About this exercise:
Excluding images, repeat the data exactly as given.

Data provided:
● ● ● ●
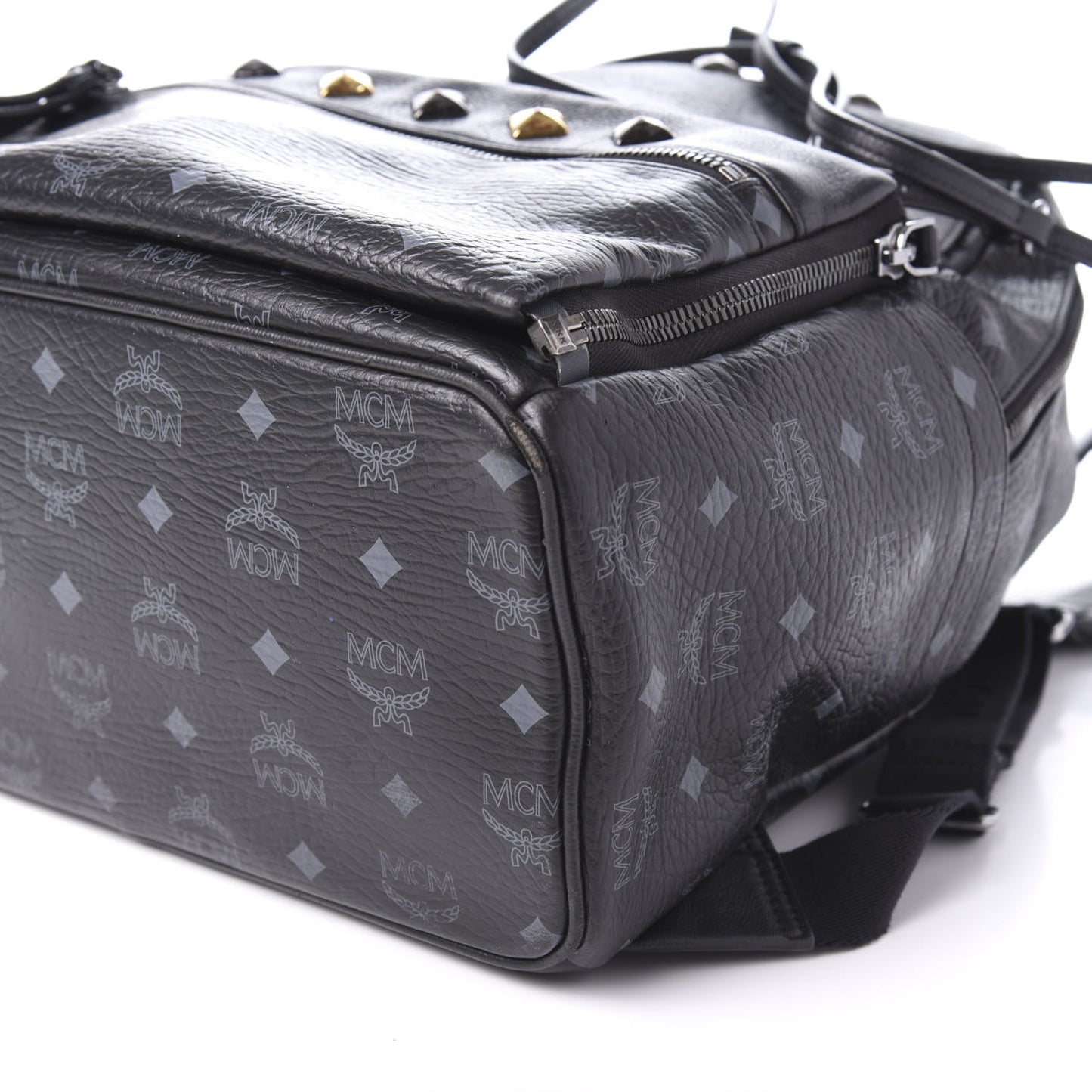 Visetos Medium Studded Dual Stark Backpack Black
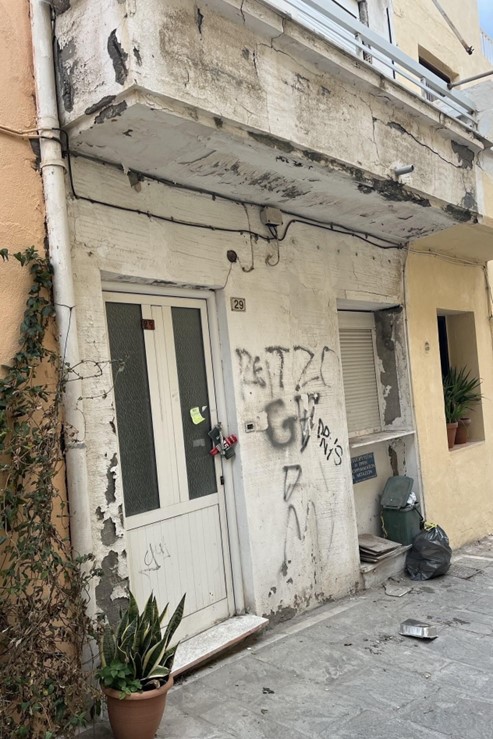 Οικόπεδο με κτίσμα 52 sq.m. σε πλειστηριασμό Municipality of Rethymno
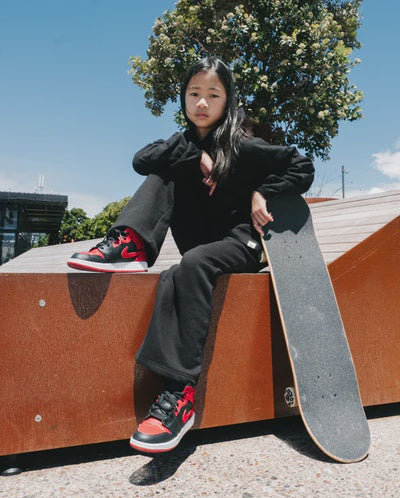 Black Wide Leg Fleece Lounge Pant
● ● ● ●
Answer space:
 Visetos Medium Studded Dual Stark Backpack Black
 Οικόπεδο με κτίσμα 52 sq.m. σε πλειστηριασμό Municipality of Rethymno
 Black Wide Leg Fleece Lounge Pant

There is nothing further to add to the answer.